Design and construction
- Architect: Pinturicchio (fresco decoration)
- Designations: Part of the Vatican Museums

= Borgia Apartments =

Suite of rooms in the Apostolic Palace in Vatican City

The Borgia Apartments are a suite of rooms in the Apostolic Palace in the Vatican, adapted for personal use by Pope Alexander VI (Rodrigo de Borja). In the late 15th century, he commissioned the Italian painter Bernardino di Betto (Pinturicchio) and his studio to decorate them with frescoes.

The paintings and frescoes, which were executed between 1492 and 1494, drew on a complex iconographic program that used themes from medieval encyclopedias, adding an eschatological layer of meaning celebrating the supposedly divine origins of the Borgias. Five of the six apartments include frescoes painted in the vault. The upper register of the vaults contain paintings, while the lower registers are decorated with tapestries and gold. Recent cleaning of Pinturicchio's fresco The Resurrection has revealed a scene believed to be the earliest known European depiction of Native Americans, painted just two years after Christopher Columbus returned from the New World.

The Borgia Apartments includes six rooms: Room of the Sibyls, Room of the Creed, Room of the Liberal Arts, Room of the Saints, Room of Mysteries, and Room of Pontiffs. The Room of Sibyls and the Room of Creed include frescoes of the Old Testament prophets and sibyls. These rooms also pay homage to the planets. In the Room of Liberal Arts, Pinturicchio has represented the liberal arts as female figures through his frescoes in the vault. The Room of Saints consists of frescoes detailing the lives of seven notable saints, including Barbara, Catherine, Anthony, Paul, Susanna, and Elizabeth. Pinturicchio's last room, the Room of Mysteries, contains frescoes with New Testament subject matter, including the Nativity, Ascension, Adoration of the Magi, and other scenes.

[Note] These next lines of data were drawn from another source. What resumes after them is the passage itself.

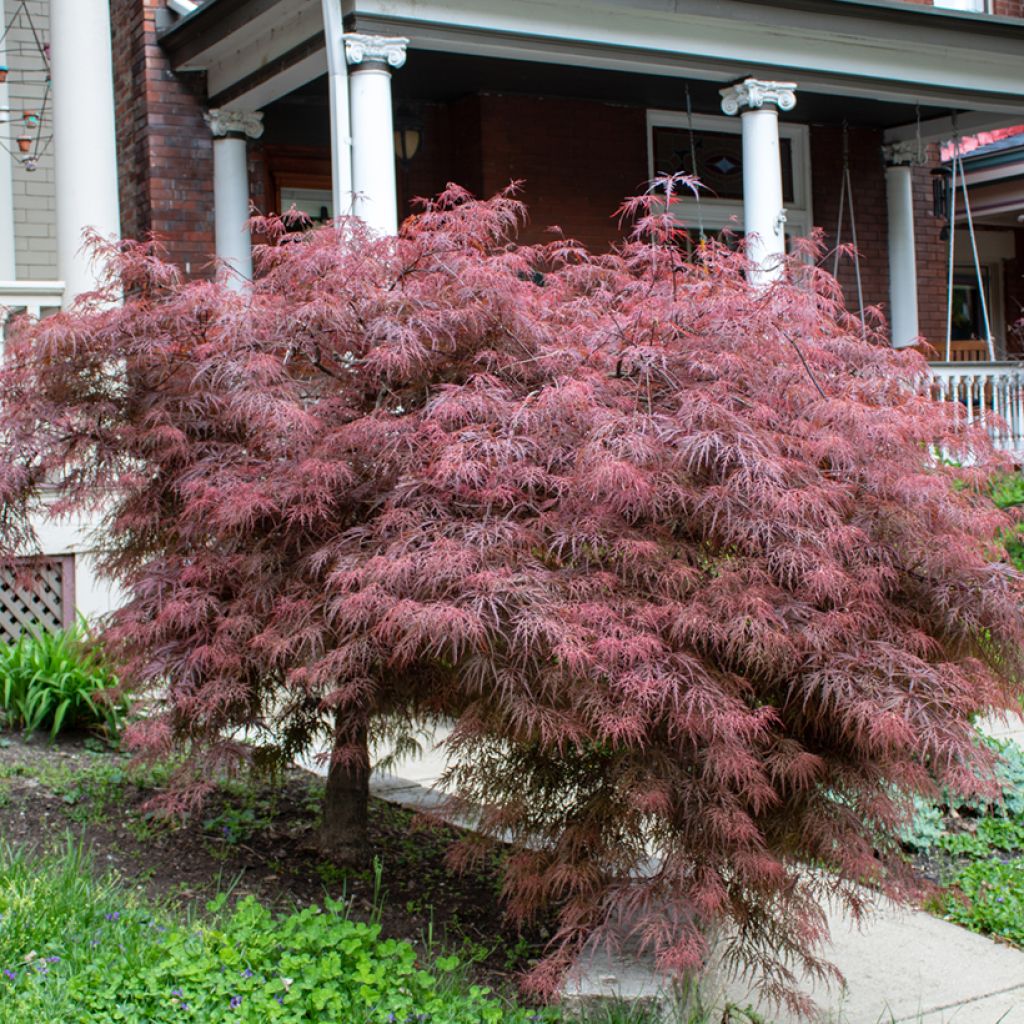 Érable du Japon - Acer palmatum Crimson Queen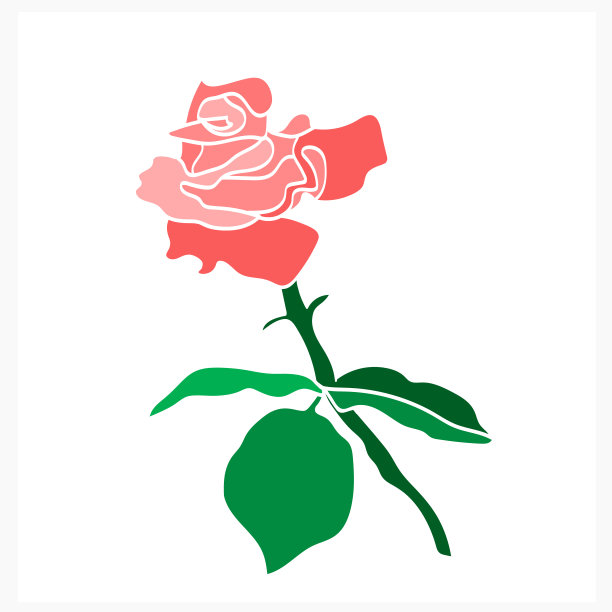 玫瑰图案。图片下载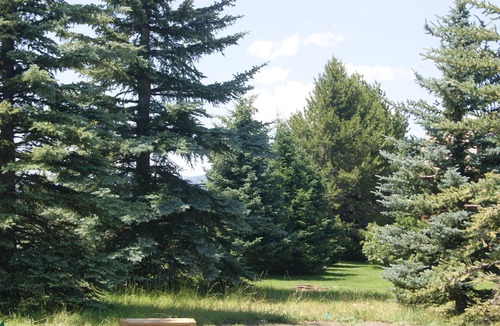 Island Park House | Close to Yellowstone ~ Wifi ~ Decks ~ BBQ ~ Fireplace ~ Fire Pit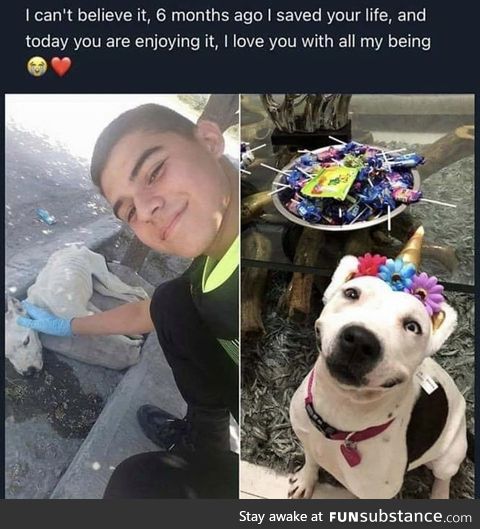 He’s the goodest boi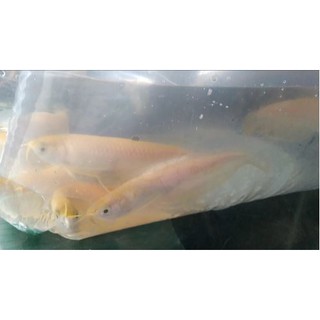 Arwana Silver Albino Shopee Indonesia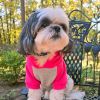 Fitwarm — Dog Hoodie —  Color Block Hoody Thicker Warm Pocket Soft Comfortable Stylish Everyday Layer Kangaroo Pocket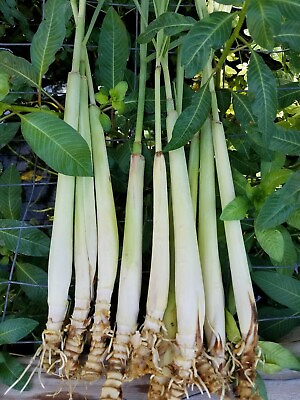 #ad 10 Fresh rooting lemongrass 6 12 inches live plant ready 2 plant in pot soil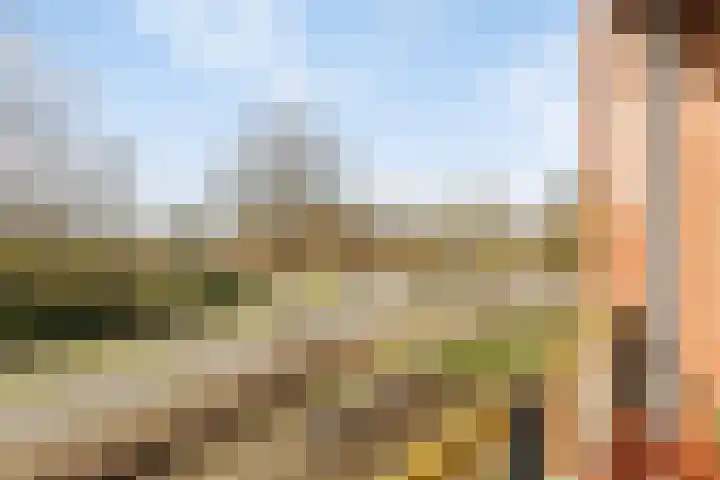 de Kortveter 82 Valkenswaard thumbnail 35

The Room of the Pontiffs was erected before all the other buildings, between 1277 and 1280. Built between 1447 and 1455, the Room of the Liberal Arts, Saints, and Mysteries were referred to as "secret rooms" by Pope Alexander VI's master of ceremonies, Johannes Burchard.

As of 2019, the suite was open to tourists.

==Frescoes==
When the Borgia family fell out of favor after the 1503 death of Pope Alexander VI, the apartments were little used for centuries. The following pope, Julius II, abandoned the apartments and moved his daily responsibilities to the upper floors, which are now called the Raphael Rooms. When Julius II vacated the apartments, they fell into disrepair. The paintings were removed in 1816, and the rooms were turned into a library. Only in 1889 did Pope Leo XIII have the rooms restored and opened for public viewing. The works in the apartment are now considered part of the Vatican Library.

The works were restored by repairing the plaster and stucco, cleaning the frescoes, and reworking the surfaces. The lower half of some of the walls in the Borgia Apartments had to be removed, but some decorative remnants are still open for viewing.

Most of the rooms are now used for the Vatican Collection of Modern Religious Art, inaugurated by Pope Paul VI in 1973.

The collection includes about 600 accumulated works of painting, sculpture and graphic art; donations of contemporary Italian and foreign artists and includes works by Paul Gauguin, Marc Chagall, Paul Klee, Salvador Dalí, and Wassily Kandinsky.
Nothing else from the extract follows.